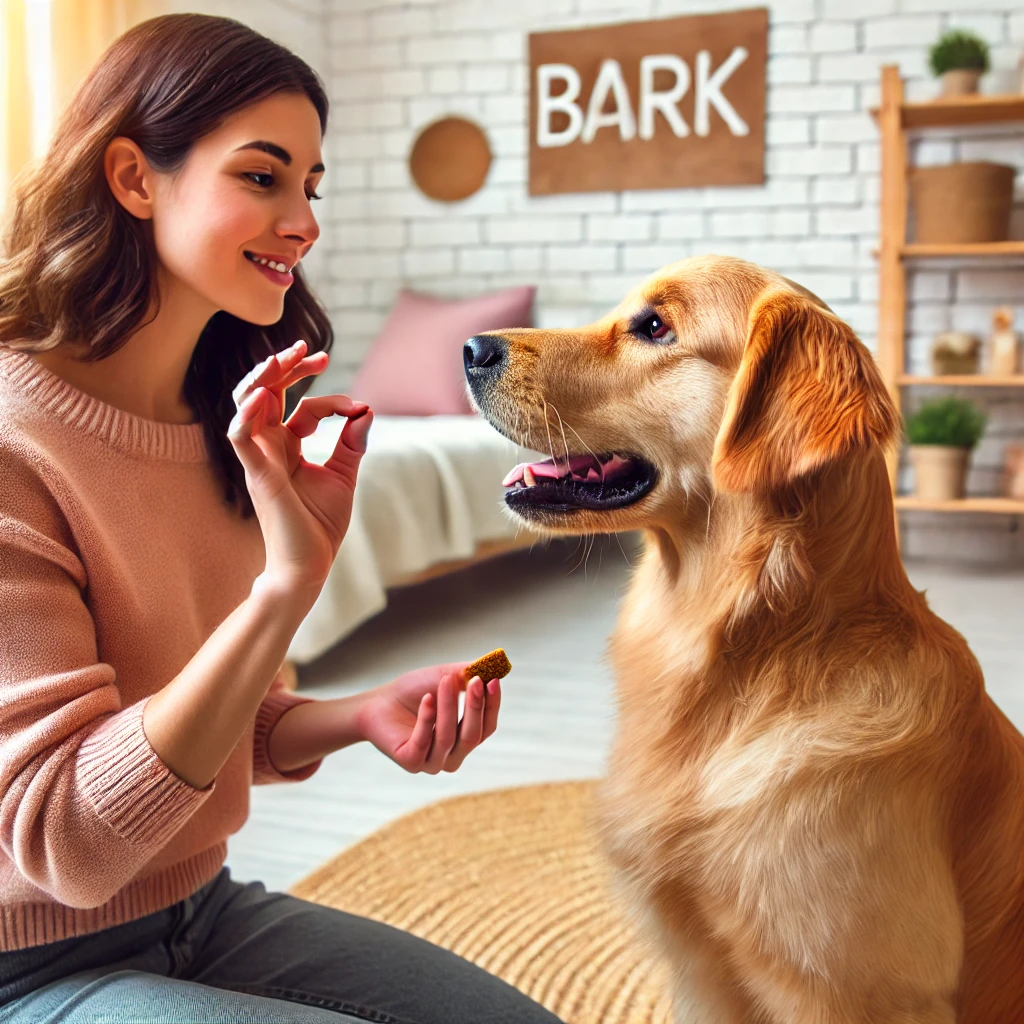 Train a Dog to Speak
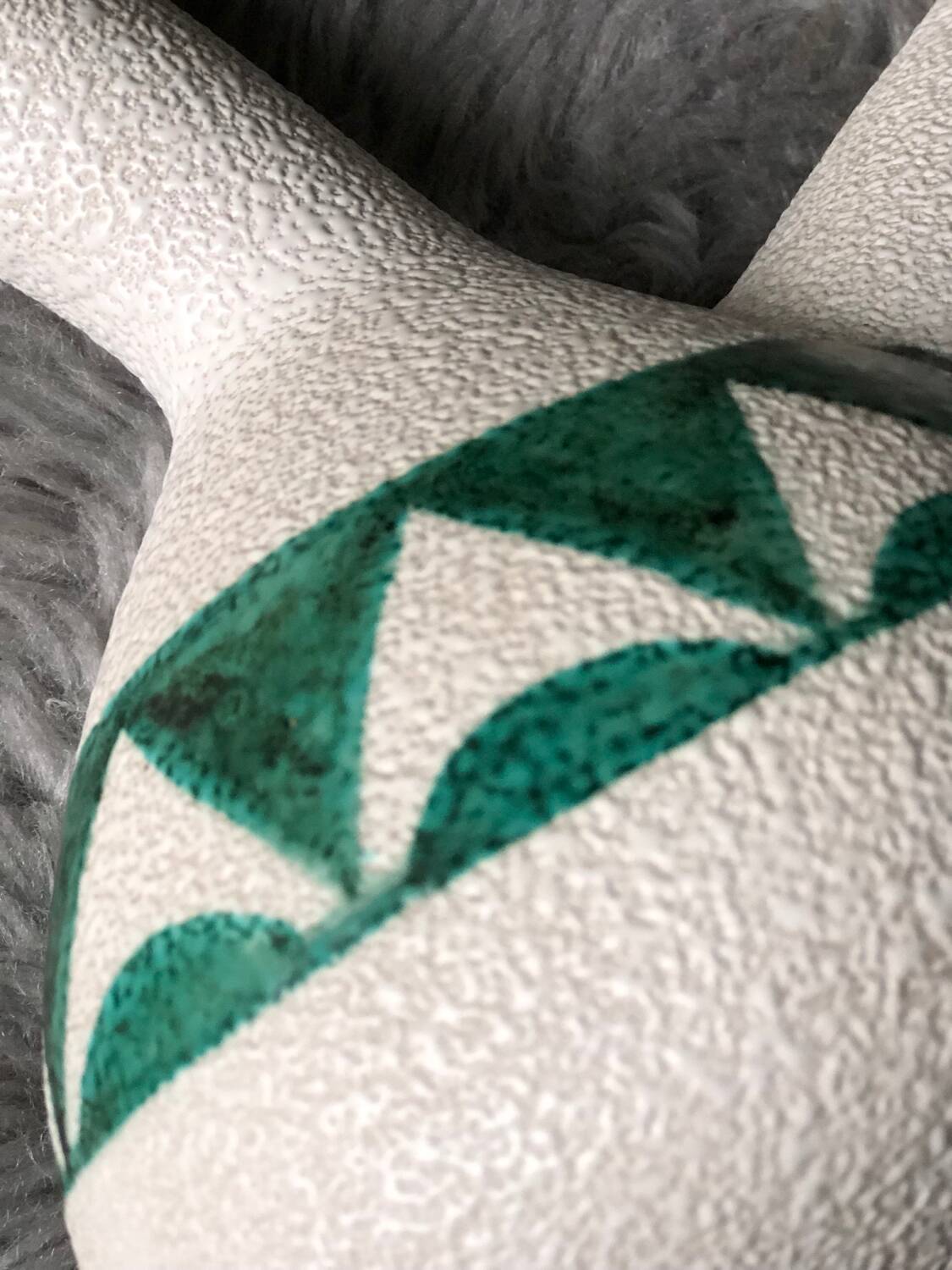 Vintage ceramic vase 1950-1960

...

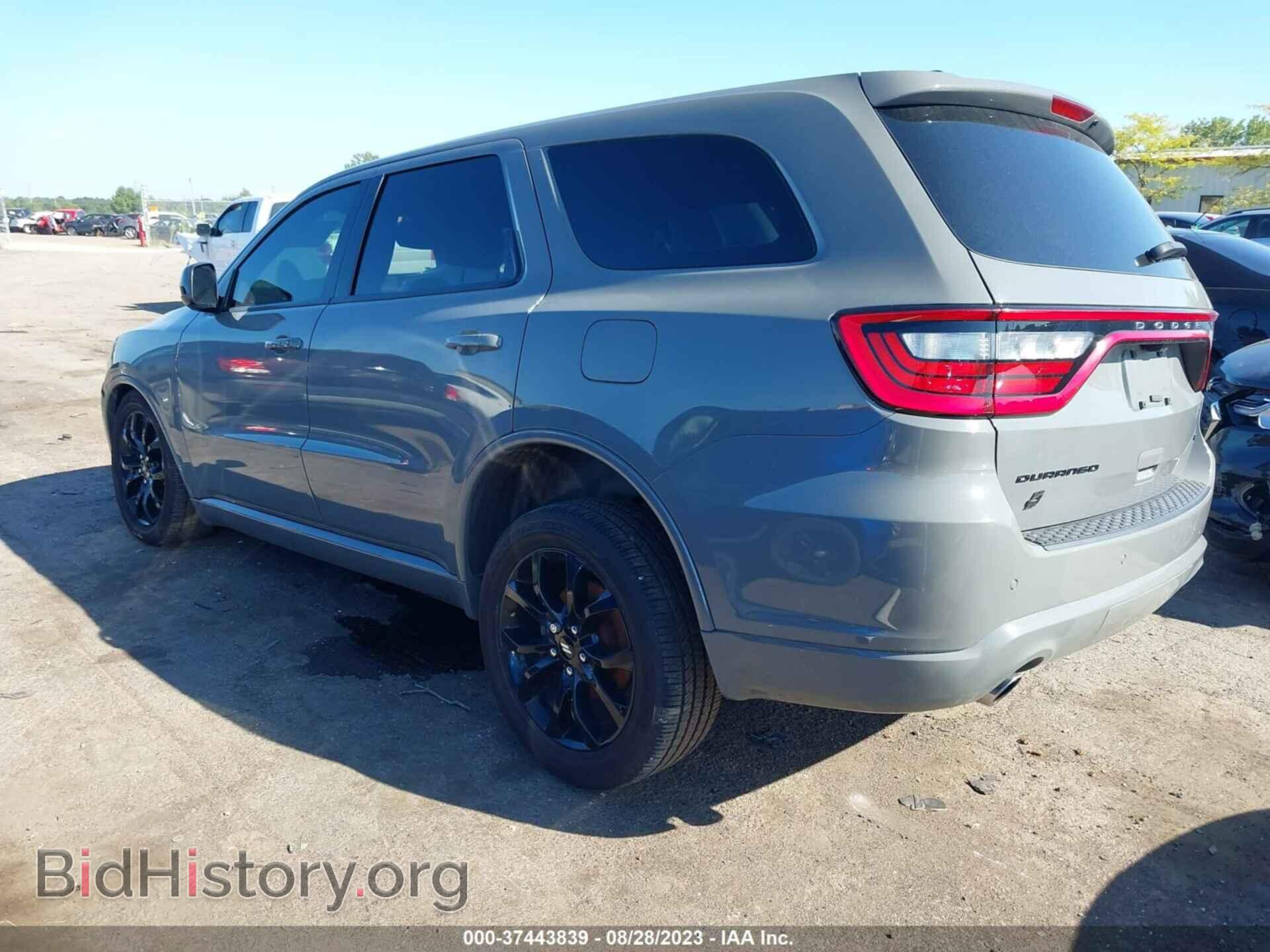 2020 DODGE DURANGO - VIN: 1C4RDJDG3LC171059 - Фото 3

WORK TASK: Copy only these lines from the records above, exactly: the one with "Train a Dog to Speak", the one with "Vintage ceramic vase 1950-1960", and those between. Skip the pictures.

ANSWER SPACE:
 Train a Dog to Speak
 Vintage ceramic vase 1950-1960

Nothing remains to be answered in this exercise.